The film is ostensibly about the tail-end of Nirvana frontman Kurt Cobain’s prodigal life, though the cast is given different names than their real life counterparts. Last Days stars Michael Pitt as Blake, or Kurt if you’d prefer, Lukas Haas as his band-mate Luke and Asia Argento as Asia, one of the inhabitants of Luke’s house. Throughout the movie the three fumble about, aware they are destroying their lives with drugs but continuing to do so anyway. Filmed around a short script, the movie takes a natural, smooth feeling, relying on a demur kind of improvisation. Blake says little, always running away from contact and usually in too much of a stupor to enunciate. Luke is a mess who doesn’t know how to deal with his ruined friend. Asia floats around nonchalantly taking the pulse of a dead-looking Blake. They’re all zombies under their own house rule. This is where Last Days succeeds triumphantly, the performances are incredibly convincing as the cast appears to be barely of their wits. You’re astonished when Blake manages to pour a bowl of cereal, let alone pick up a guitar. It makes you almost sick to see anything quite so wasted.

Last Days is also refreshing because Van Sant resists the temptation to glamorize the hard-living, rock and roll lifestyle. This is no homage to Kurt Cobain and his addiction, but rather a testament to the theories which have proliferated since the discovery of his body. Here the film flexes its muscles yet again, all of the potential causes of Blake’s death are alluded to through association, leaving audiences to draw their own conclusion as nothing can be said about a not-yet-dead Blake. Regardless of the way Cobain actually died Van Sant makes it painfully evident it was, or will be, inevitable, whether by his own hand or someone else’s.

Throughout the film Blake is portrayed as a scared, confused, conniving, defiant and ruined rock star unable to properly function. The story reveals Blake as desperate for something to happen, but unwilling to give up the futility of his life, or strong enough to try to improve his situation.

Once you get over the delicacy and jaded beauty of Last Days it’s hard to assess what you’re seeing. It has no real action or development to it, the story is one we already know. Indeed it doesn’t really matter what we know as the story is assumed and doesn’t claim to be factual. However it’s not the meandering style which leaves the viewer floundering, but the impression you get of being insignificant.
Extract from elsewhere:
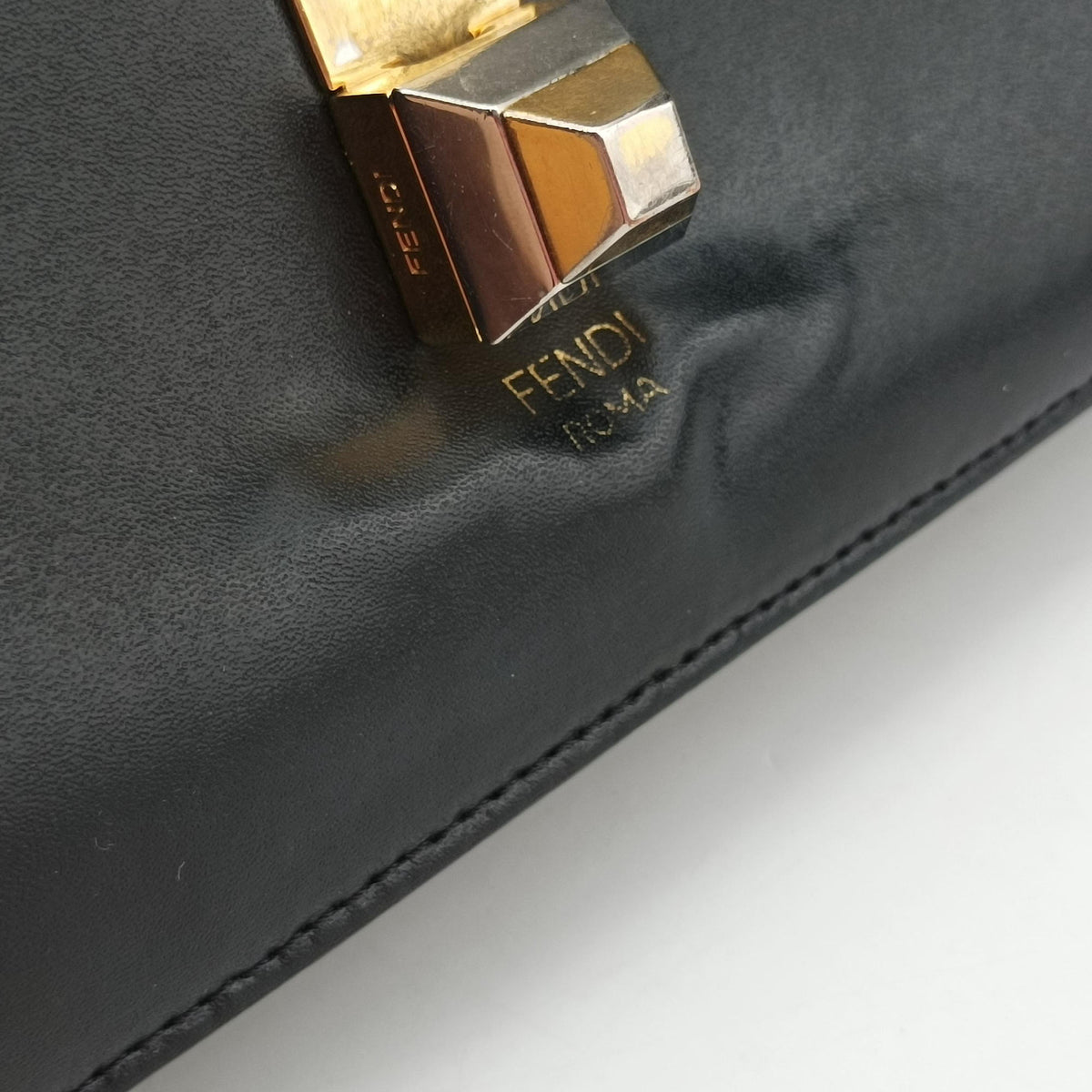 Pre-owned Fendi Kan I Black Leather 8BT283 shoulderbag | stylenewstar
The notion of an audience is completely foreign to Last Days, its cast and its crew. You almost feel like a trespasser in the theatre, sitting in on the hashing out of something very personal.
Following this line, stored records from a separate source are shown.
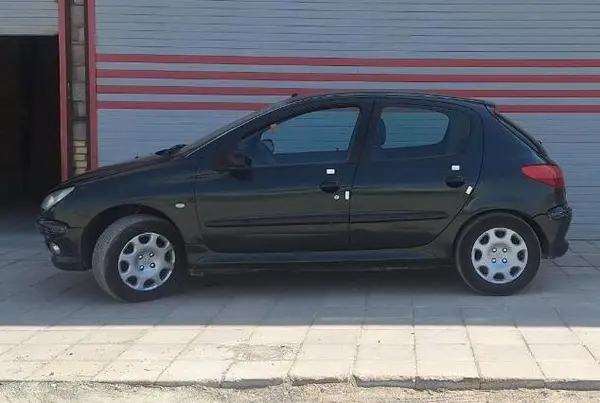 پژو 206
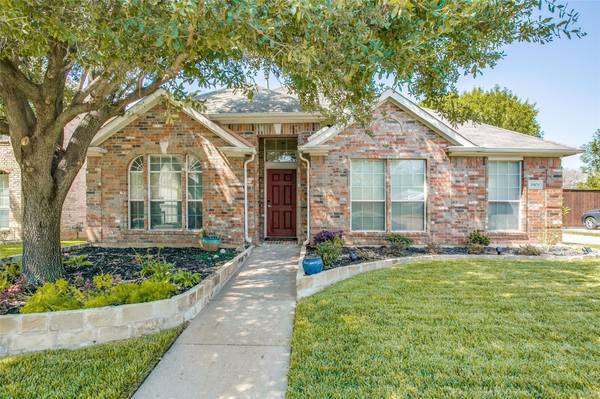 3909 Lochridge Court, North Richland Hills, TX 76180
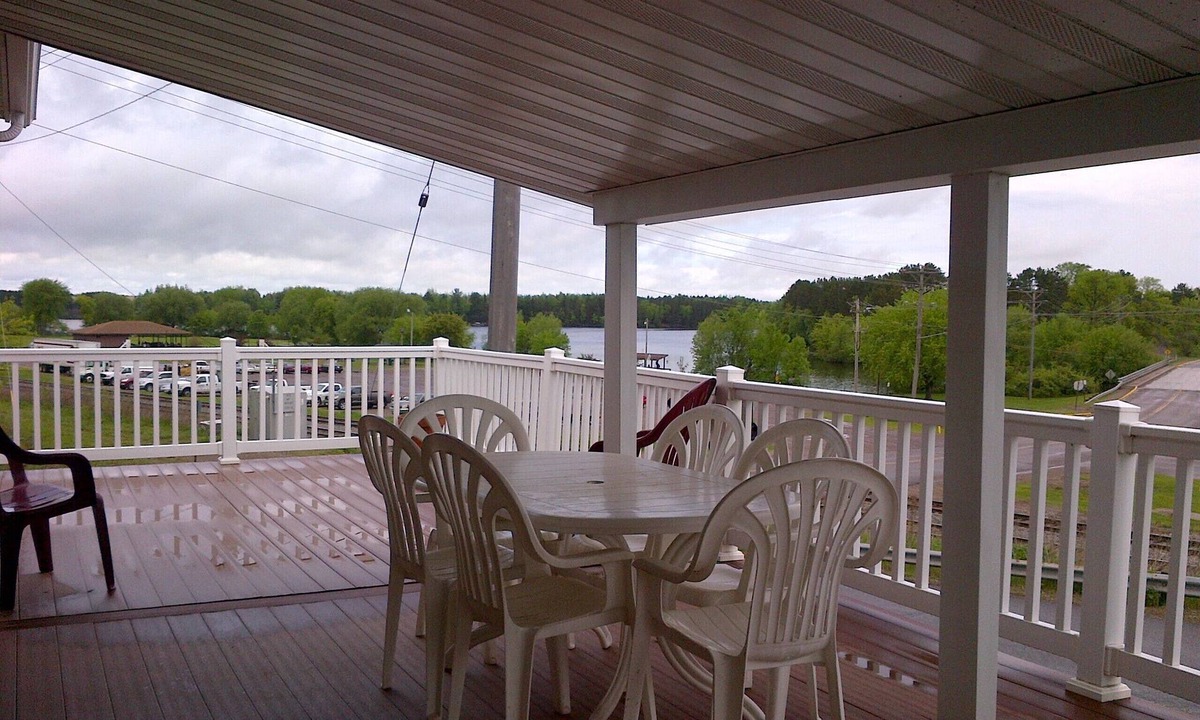 Phillips Condo | Spacious 3bdrm condo with spacious deck for you to enjoy the beautiful lake view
Some may criticize Van Sant’s refusal to stick to one theory of Blake’s death as uncertainty, but it should be seen as a refusal to narrow things down in a life full of conflicts fighting for attention on the surface and tearing the character apart beneath. Depressive tendencies, endless ambition, constantly being wanted, a rocky relationship with his wife and too many drugs all contribute to the state in which we find Blake and in Van Sant’s eyes, at least, to his pending demise.

Whether Pitt’s rendition of a junkie rock star is thought of as Blake or Kurt, Van Sant’s Last Days deserves the talk and will be remembered as possibly the clearest portrayal of a ruined generation.